>>>
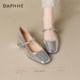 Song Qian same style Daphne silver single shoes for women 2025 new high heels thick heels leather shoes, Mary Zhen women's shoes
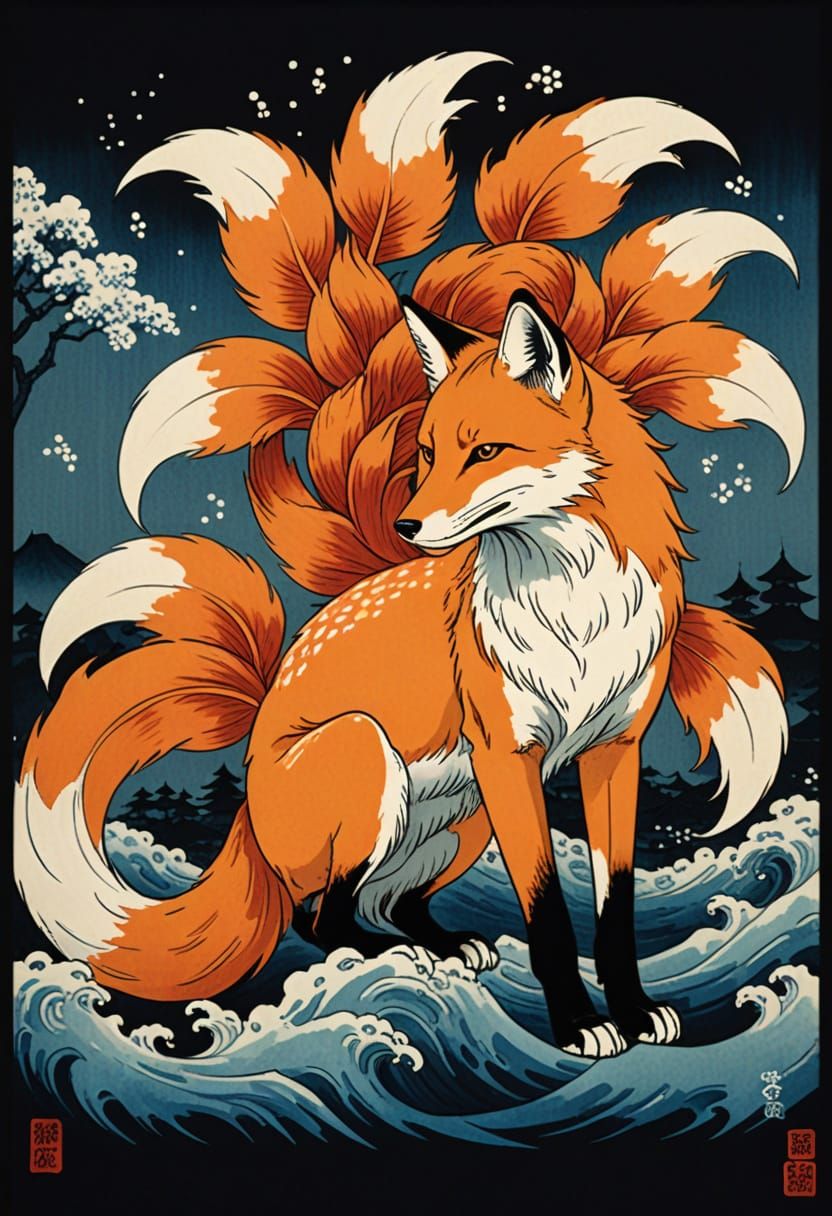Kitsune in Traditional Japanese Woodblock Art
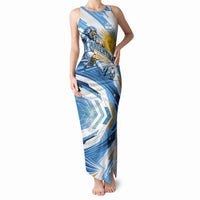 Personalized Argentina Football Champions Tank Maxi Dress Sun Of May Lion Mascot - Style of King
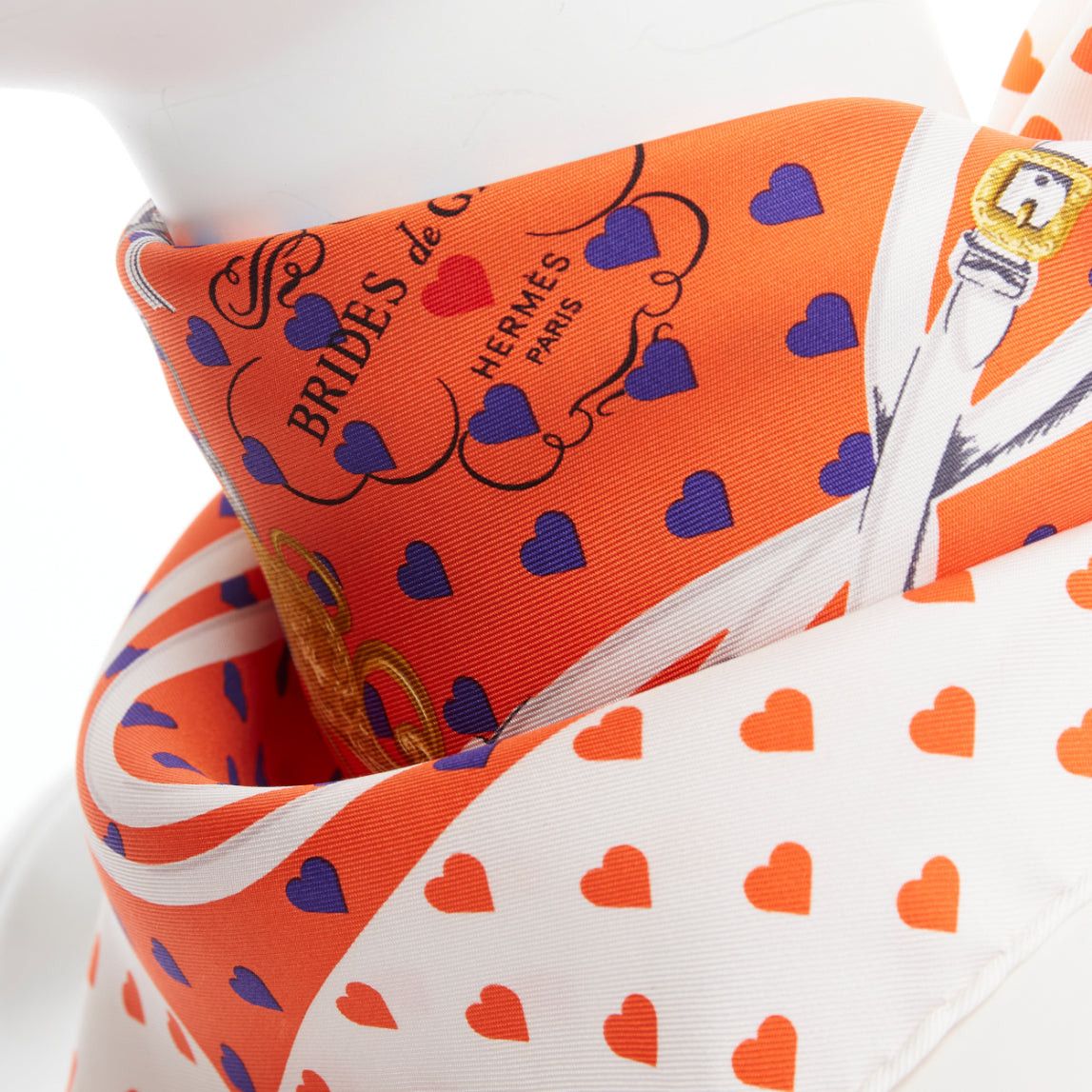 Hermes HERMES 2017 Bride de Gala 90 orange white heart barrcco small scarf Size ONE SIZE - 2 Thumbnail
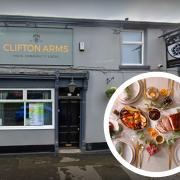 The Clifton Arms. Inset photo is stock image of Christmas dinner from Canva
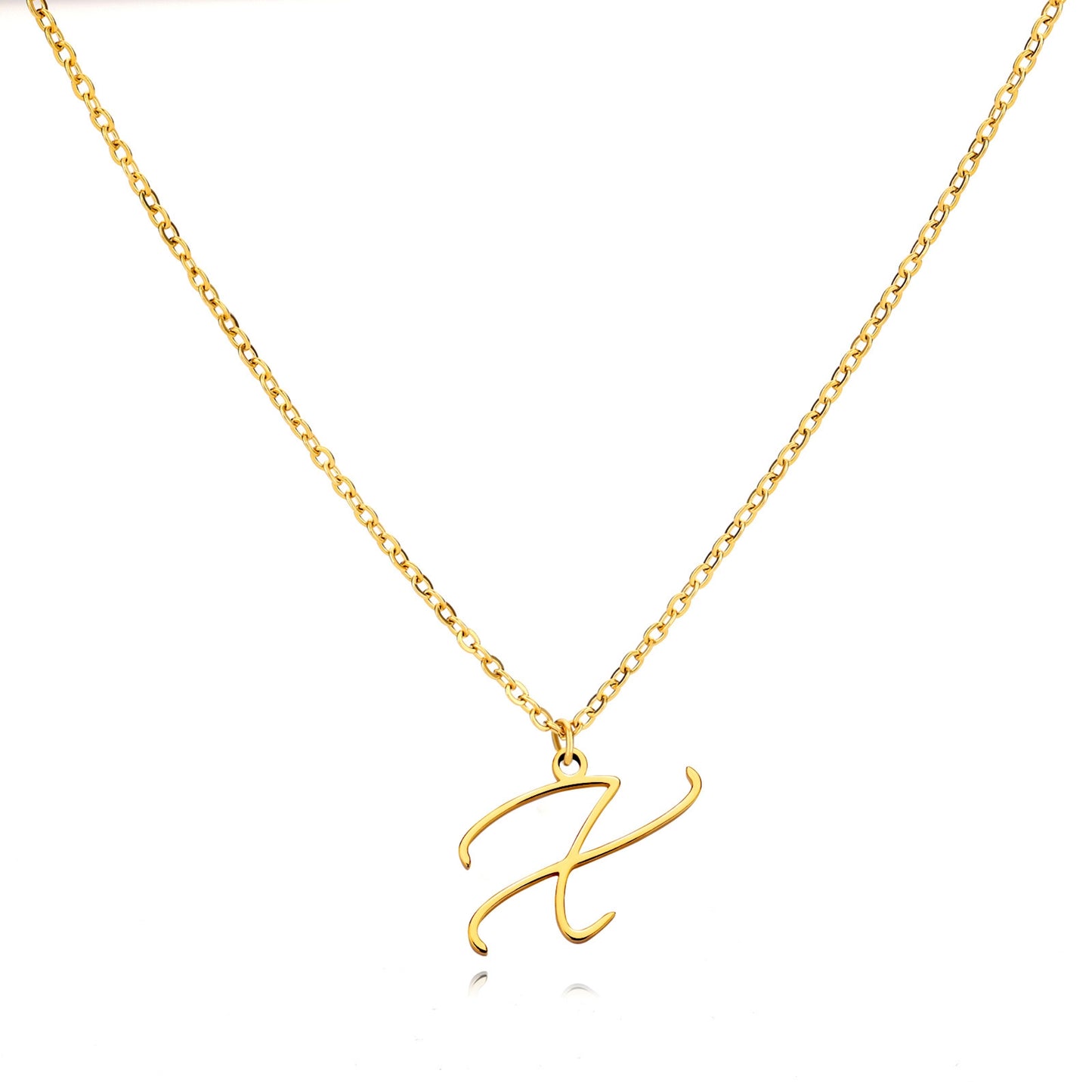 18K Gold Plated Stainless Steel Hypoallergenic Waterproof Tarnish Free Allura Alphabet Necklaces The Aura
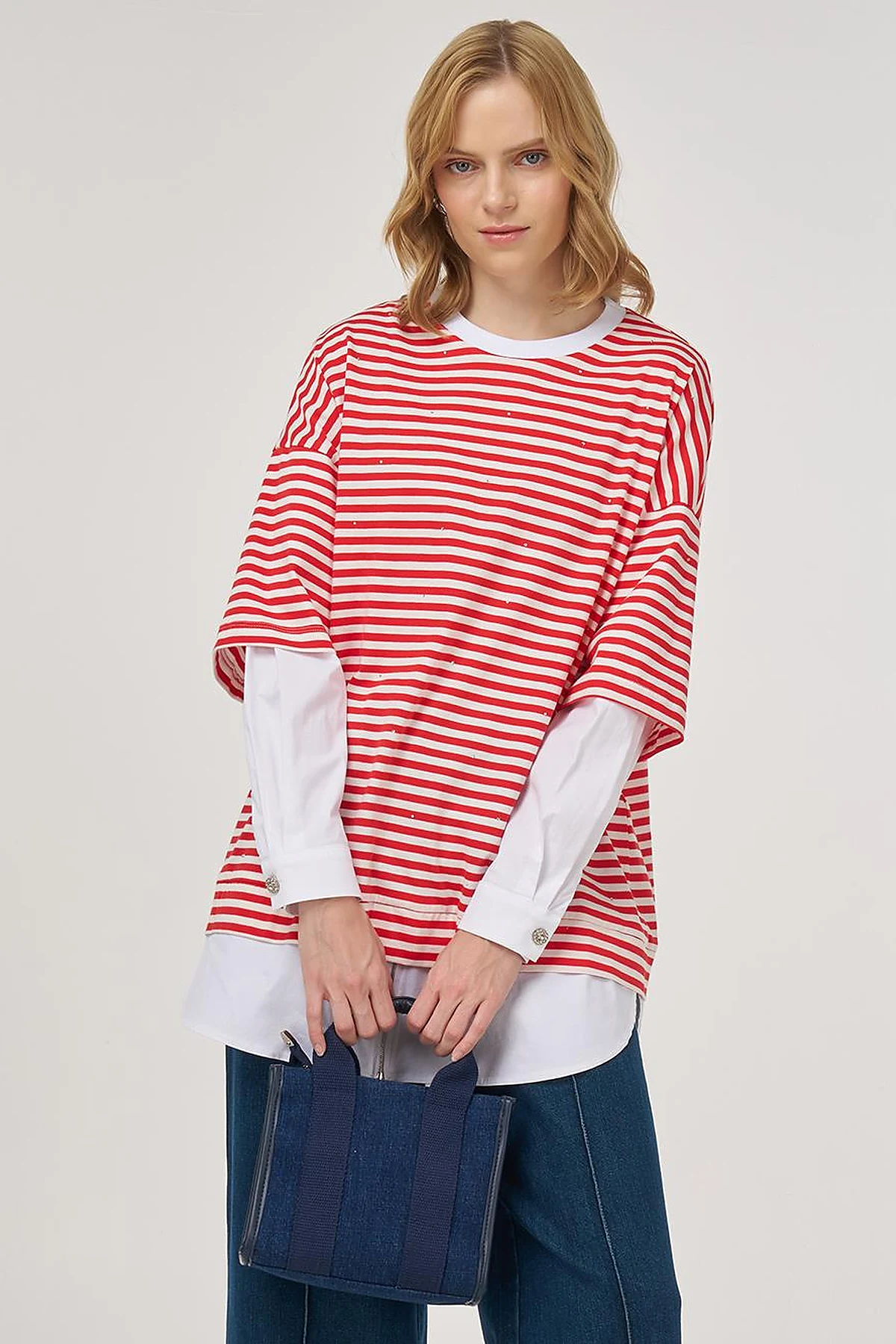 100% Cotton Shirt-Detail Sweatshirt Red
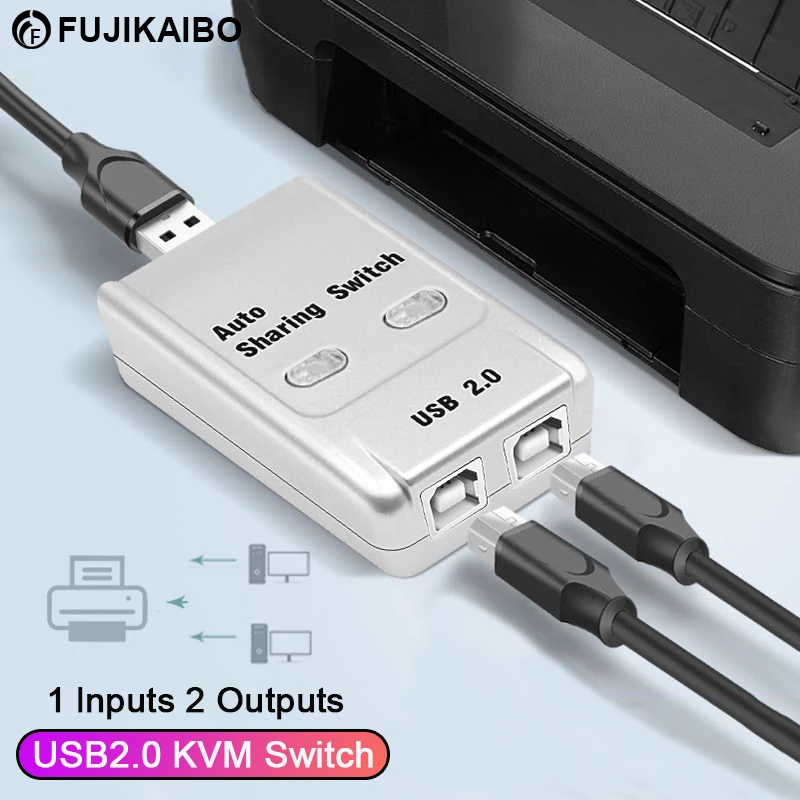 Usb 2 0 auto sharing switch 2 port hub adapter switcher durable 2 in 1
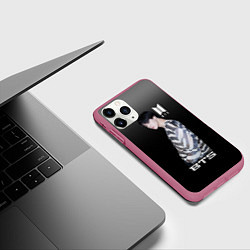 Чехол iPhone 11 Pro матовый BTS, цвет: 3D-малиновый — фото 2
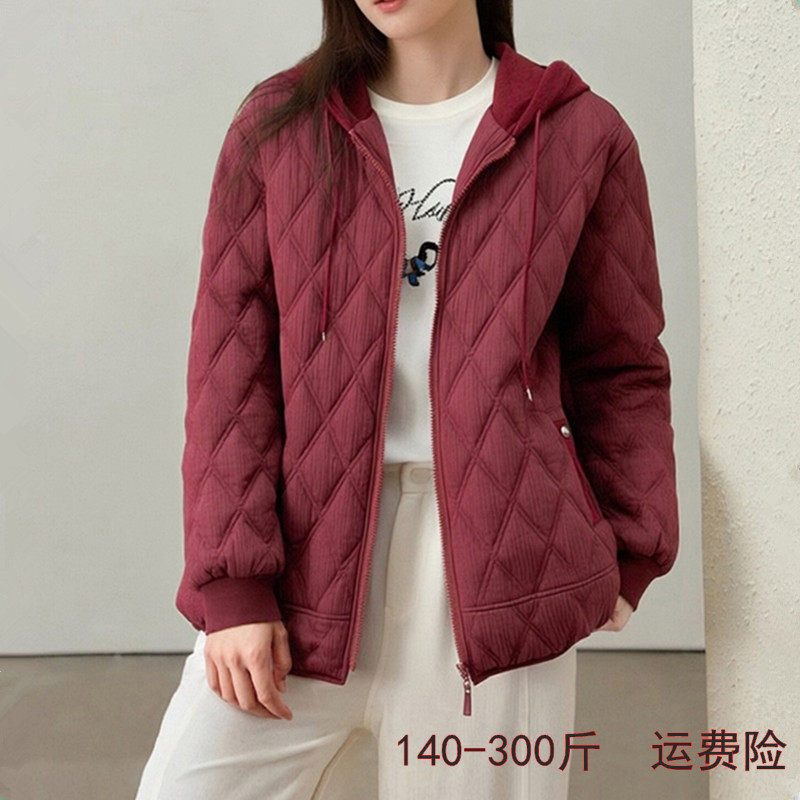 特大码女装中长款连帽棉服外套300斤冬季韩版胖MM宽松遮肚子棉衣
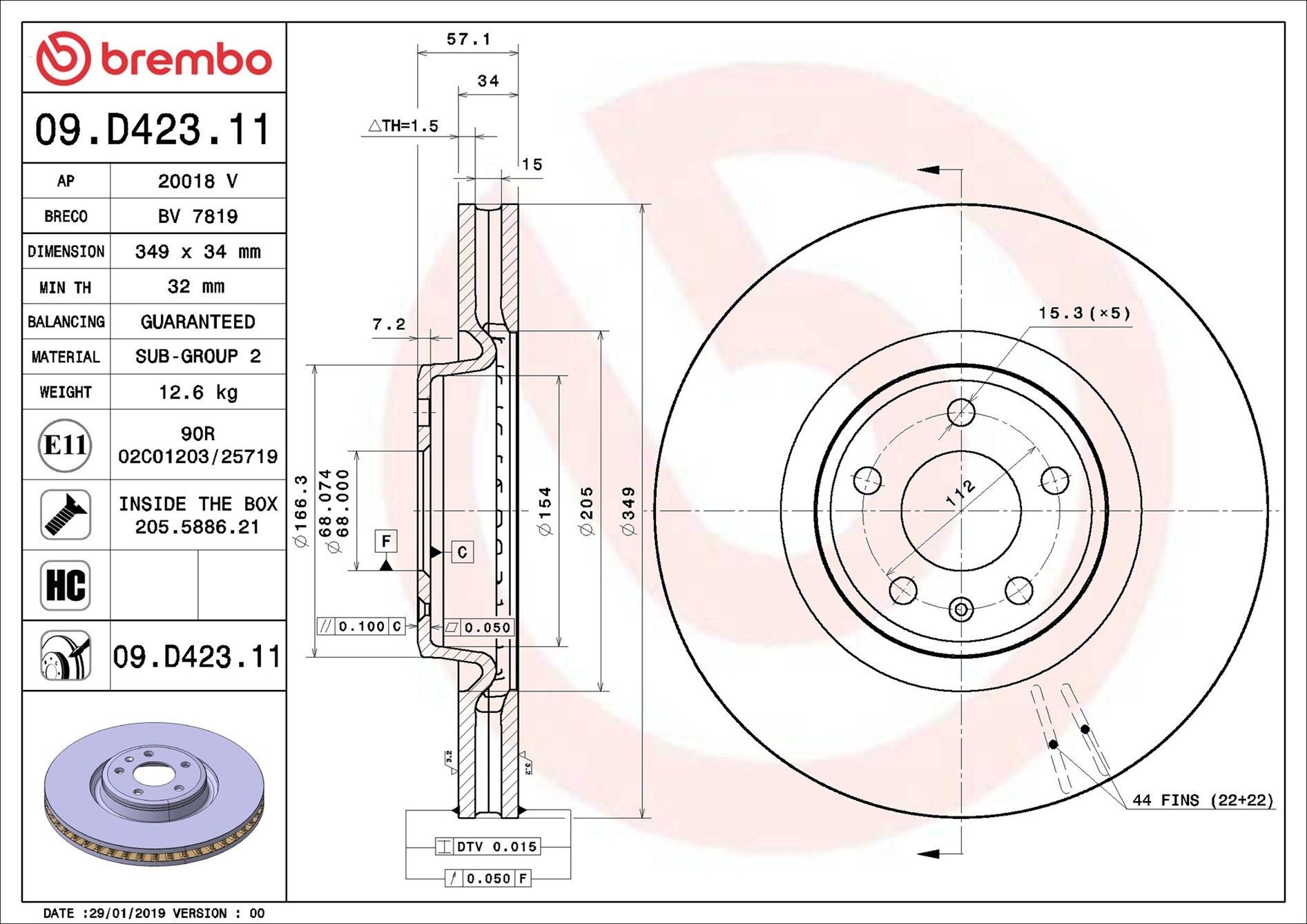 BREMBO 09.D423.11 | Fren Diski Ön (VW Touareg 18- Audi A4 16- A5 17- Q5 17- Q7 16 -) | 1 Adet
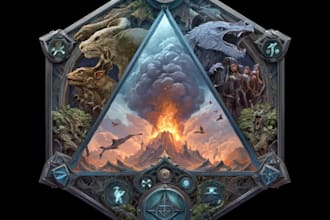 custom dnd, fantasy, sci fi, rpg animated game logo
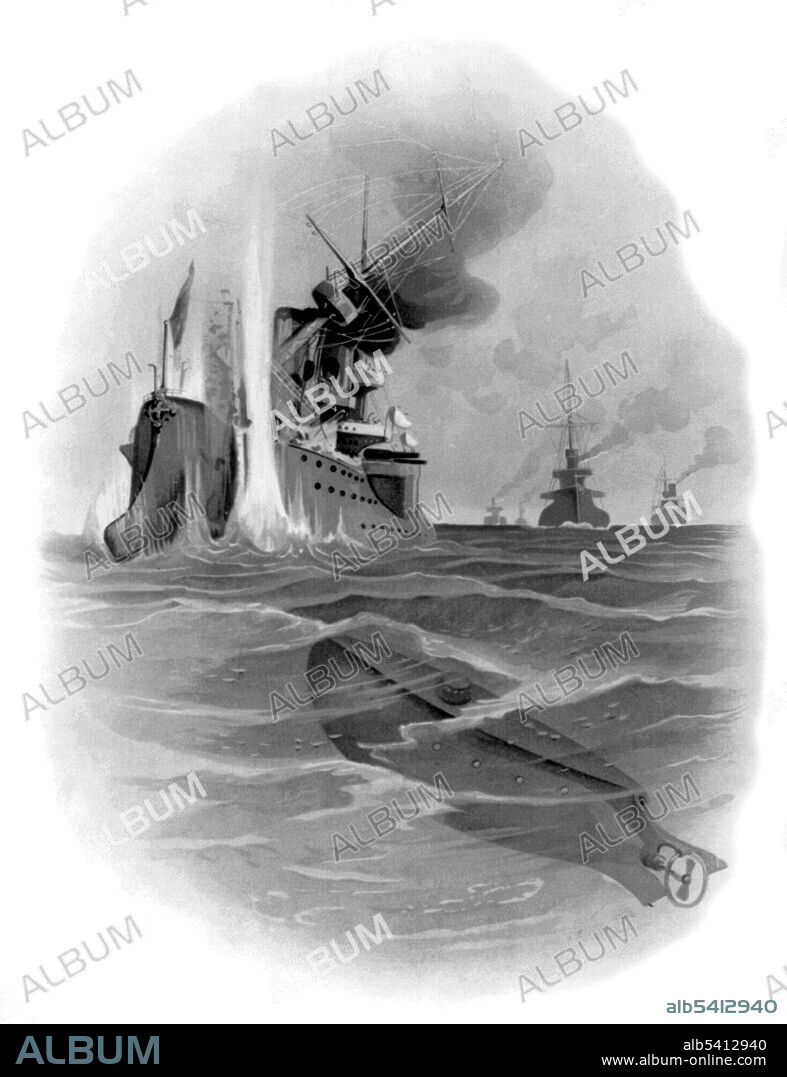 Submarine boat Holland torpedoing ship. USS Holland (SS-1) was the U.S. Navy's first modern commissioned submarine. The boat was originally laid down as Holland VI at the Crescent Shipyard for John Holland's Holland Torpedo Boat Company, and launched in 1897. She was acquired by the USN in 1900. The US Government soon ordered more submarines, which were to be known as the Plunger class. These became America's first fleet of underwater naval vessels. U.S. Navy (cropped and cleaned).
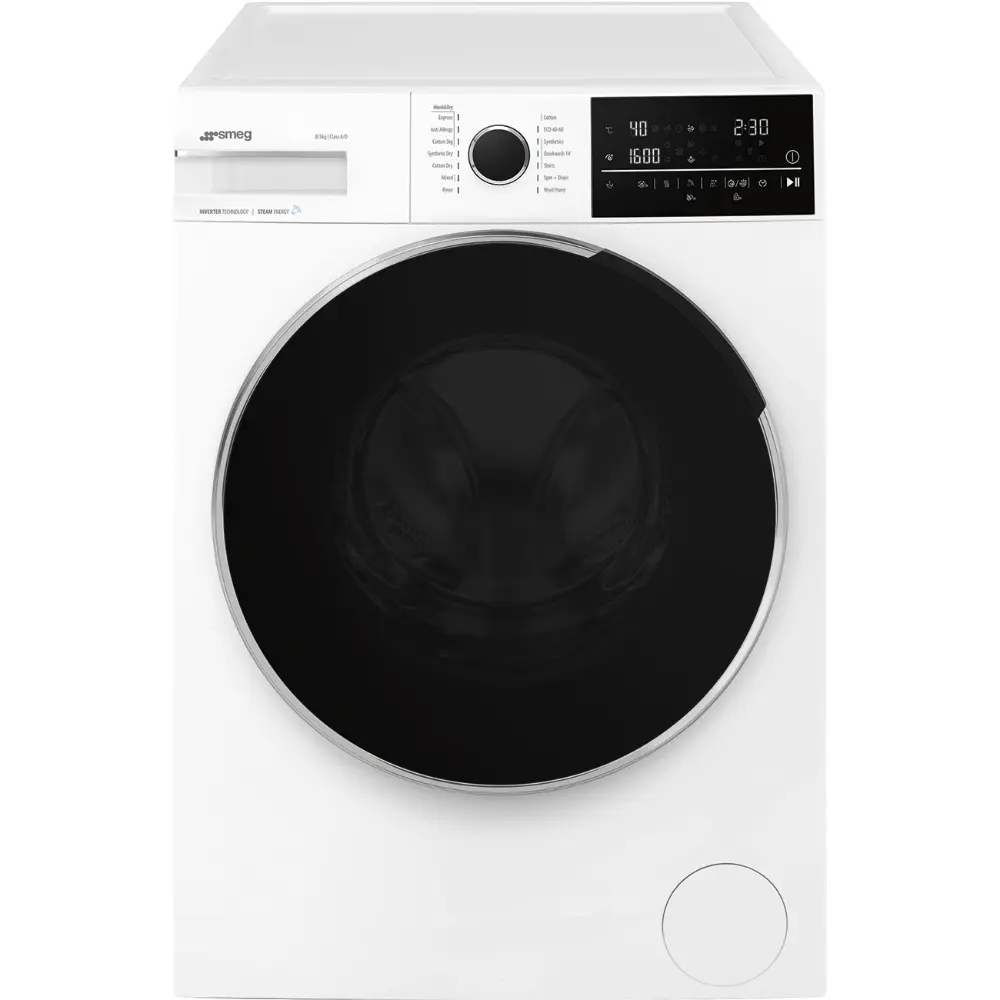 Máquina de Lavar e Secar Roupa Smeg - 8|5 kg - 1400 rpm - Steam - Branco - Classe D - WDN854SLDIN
<<<
§ **WHAT YOU ARE ASKED TO DO**: Quote the preceding listing precisely and completely, omitting its images.

§ **ANSWER TO THIS TASK**:
 Song Qian same style Daphne silver single shoes for women 2025 new high heels thick heels leather shoes, Mary Zhen women's shoes
Kitsune in Traditional Japanese Woodblock Art
 Personalized Argentina Football Champions Tank Maxi Dress Sun Of May Lion Mascot - Style of King
 Hermes HERMES 2017 Bride de Gala 90 orange white heart barrcco small scarf Size ONE SIZE - 2 Thumbnail
 The Clifton Arms. Inset photo is stock image of Christmas dinner from Canva
 18K Gold Plated Stainless Steel Hypoallergenic Waterproof Tarnish Free Allura Alphabet Necklaces The Aura
 100% Cotton Shirt-Detail Sweatshirt Red
 Usb 2 0 auto sharing switch 2 port hub adapter switcher durable 2 in 1
 Чехол iPhone 11 Pro матовый BTS, цвет: 3D-малиновый — фото 2
 特大码女装中长款连帽棉服外套300斤冬季韩版胖MM宽松遮肚子棉衣
 BREMBO 09.D423.11 | Fren Diski Ön (VW Touareg 18- Audi A4 16- A5 17- Q5 17- Q7 16 -) | 1 Adet
 custom dnd, fantasy, sci fi, rpg animated game logo
 Submarine boat Holland torpedoing ship. USS Holland (SS-1) was the U.S. Navy's first modern commissioned submarine. The boat was originally laid down as Holland VI at the Crescent Shipyard for John Holland's Holland Torpedo Boat Company, and launched in 1897. She was acquired by the USN in 1900. The US Government soon ordered more submarines, which were to be known as the Plunger class. These became America's first fleet of underwater naval vessels. U.S. Navy (cropped and cleaned).
 Máquina de Lavar e Secar Roupa Smeg - 8|5 kg - 1400 rpm - Steam - Branco - Classe D - WDN854SLDIN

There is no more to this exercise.